[Stored entries]
##############################

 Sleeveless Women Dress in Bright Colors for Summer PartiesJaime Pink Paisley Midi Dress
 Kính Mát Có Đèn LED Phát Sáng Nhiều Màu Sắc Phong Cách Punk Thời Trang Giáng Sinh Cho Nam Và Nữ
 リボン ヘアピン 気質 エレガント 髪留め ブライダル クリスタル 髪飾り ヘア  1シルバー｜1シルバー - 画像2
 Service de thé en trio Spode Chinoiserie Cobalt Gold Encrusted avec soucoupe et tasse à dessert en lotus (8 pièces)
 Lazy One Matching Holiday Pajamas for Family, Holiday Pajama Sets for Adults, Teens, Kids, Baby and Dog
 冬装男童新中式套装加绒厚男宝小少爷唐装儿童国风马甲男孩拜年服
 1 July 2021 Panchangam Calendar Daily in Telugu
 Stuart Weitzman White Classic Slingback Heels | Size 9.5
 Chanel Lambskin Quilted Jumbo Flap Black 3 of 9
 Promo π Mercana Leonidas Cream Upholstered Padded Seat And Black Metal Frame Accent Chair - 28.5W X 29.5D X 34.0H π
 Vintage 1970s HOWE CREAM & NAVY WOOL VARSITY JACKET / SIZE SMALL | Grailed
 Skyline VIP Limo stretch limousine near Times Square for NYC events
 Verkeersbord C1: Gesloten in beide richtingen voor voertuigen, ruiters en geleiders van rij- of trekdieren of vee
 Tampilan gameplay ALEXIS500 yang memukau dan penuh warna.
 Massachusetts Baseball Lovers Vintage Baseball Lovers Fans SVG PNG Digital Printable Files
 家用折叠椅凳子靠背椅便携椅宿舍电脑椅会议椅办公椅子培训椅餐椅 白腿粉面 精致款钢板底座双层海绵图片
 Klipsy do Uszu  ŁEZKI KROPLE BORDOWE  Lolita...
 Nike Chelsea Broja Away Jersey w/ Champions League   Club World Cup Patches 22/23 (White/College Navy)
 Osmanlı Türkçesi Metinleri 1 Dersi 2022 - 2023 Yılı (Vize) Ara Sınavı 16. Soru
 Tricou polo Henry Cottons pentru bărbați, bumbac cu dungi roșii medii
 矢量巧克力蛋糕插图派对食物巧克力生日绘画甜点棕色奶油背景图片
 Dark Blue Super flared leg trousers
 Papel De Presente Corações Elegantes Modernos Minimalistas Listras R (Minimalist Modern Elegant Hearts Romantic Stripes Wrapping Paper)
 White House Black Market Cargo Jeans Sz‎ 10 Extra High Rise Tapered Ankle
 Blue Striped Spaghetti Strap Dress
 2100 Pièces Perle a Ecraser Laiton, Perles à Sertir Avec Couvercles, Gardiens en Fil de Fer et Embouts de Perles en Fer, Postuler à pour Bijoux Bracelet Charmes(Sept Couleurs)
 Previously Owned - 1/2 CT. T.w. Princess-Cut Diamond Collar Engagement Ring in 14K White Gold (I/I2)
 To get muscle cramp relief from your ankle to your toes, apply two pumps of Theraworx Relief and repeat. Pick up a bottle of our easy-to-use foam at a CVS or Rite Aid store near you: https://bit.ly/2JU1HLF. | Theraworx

##############################

*TASK GOAL:*
Scan the records above, then copy out each line that mentions "Vintage".

*REPLY:*
 Vintage 1970s HOWE CREAM & NAVY WOOL VARSITY JACKET / SIZE SMALL | Grailed
 Massachusetts Baseball Lovers Vintage Baseball Lovers Fans SVG PNG Digital Printable Files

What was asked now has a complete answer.